A virtual rodent predicts the structure of neural activity across behaviours

成果类型:
Article
署名作者:
Aldarondo, Diego; Merel, Josh; Marshall, Jesse D.; Hasenclever, Leonard; Klibaite, Ugne; Gellis, Amanda; Tassa, Yuval; Wayne, Greg; Botvinick, Matthew; Olveczky, Bence P.
署名单位:
Harvard University; Harvard University; Alphabet Inc.; DeepMind; Google Incorporated; University of London; University College London
刊物名称:
Nature
ISSN/ISSBN:
0028-3935
DOI:
10.1038/s41586-024-07633-4
发表日期:
2024-08-15
页码:
594-+
关键词:
arm movements motor cortex DYNAMICS body computation network models SYSTEM driven FORCE
摘要:
Animals have exquisite control of their bodies, allowing them to perform a diverse range of behaviours. How such control is implemented by the brain, however, remains unclear.

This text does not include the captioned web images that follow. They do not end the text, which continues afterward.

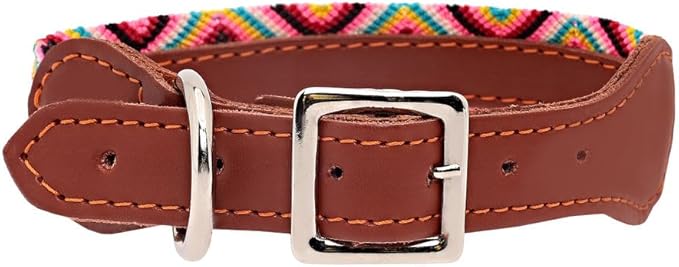Eternia Premium Leather Dog Collar - Adjustable Handcrafted Collar for Small to Large Dogs (Pink/Orange, S)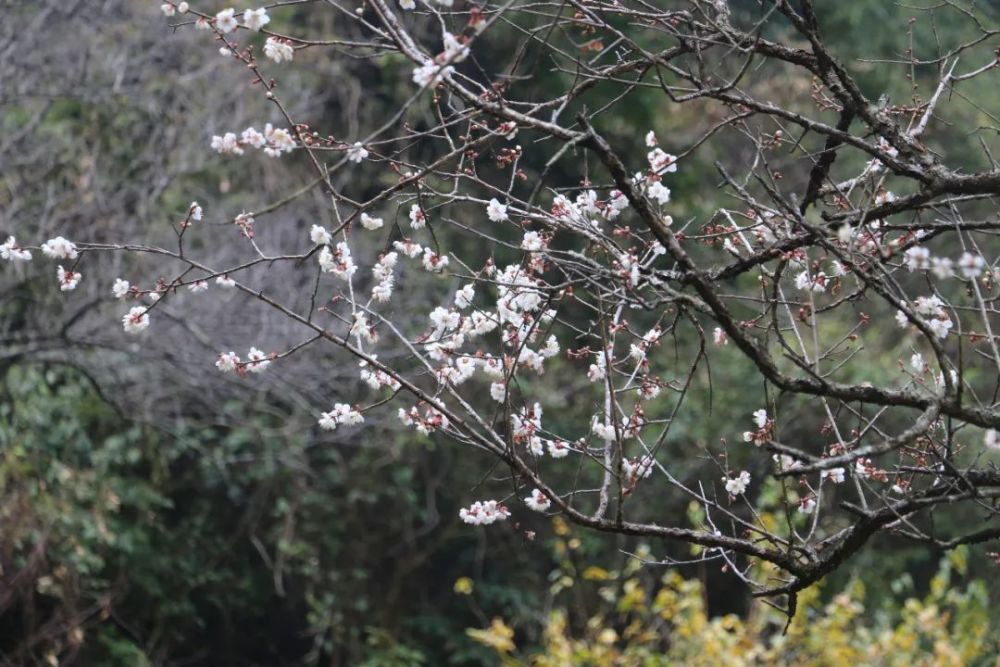 梅关古道的梅花图片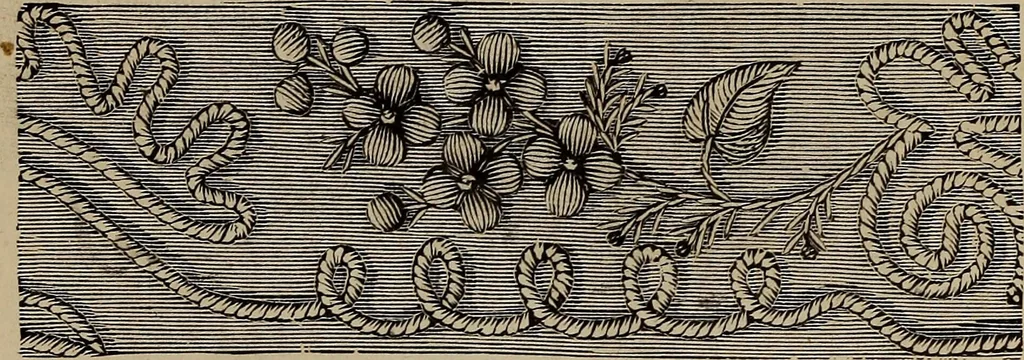 An illustration from Beautiful homes : or, Hints in house furnishing, 1878, leaf 318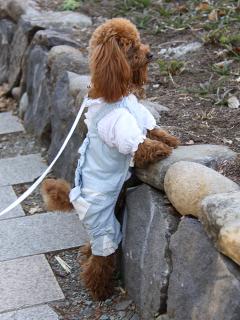 201230413_59.jpg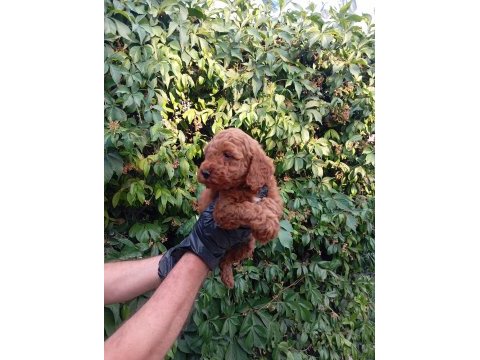 Irk ve sağlık garantili red brown poodle bebeklerimiz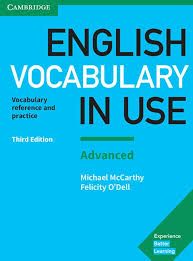 English Vocabulary in Use: Advanced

Advancing our understanding requires models that can relate principles of control to the structure of neural activity in behaving animals. Here, to facilitate this, we built a 'virtual rodent', in which an artificial neural network actuates a biomechanically realistic model of the rat(1) in a physics simulator(2). We used deep reinforcement learning(3-5) to train the virtual agent to imitate the behaviour of freely moving rats, thus allowing us to compare neural activity recorded in real rats to the network activity of a virtual rodent mimicking their behaviour. We found that neural activity in the sensorimotor striatum and motor cortex was better predicted by the virtual rodent's network activity than by any features of the real rat's movements, consistent with both regions implementing inverse dynamics(6). Furthermore, the network's latent variability predicted the structure of neural variability across behaviours and afforded robustness in a way consistent with the minimal intervention principle of optimal feedback control(7). These results demonstrate how physical simulation of biomechanically realistic virtual animals can help interpret the structure of neural activity across behaviour and relate it to theoretical principles of motor control.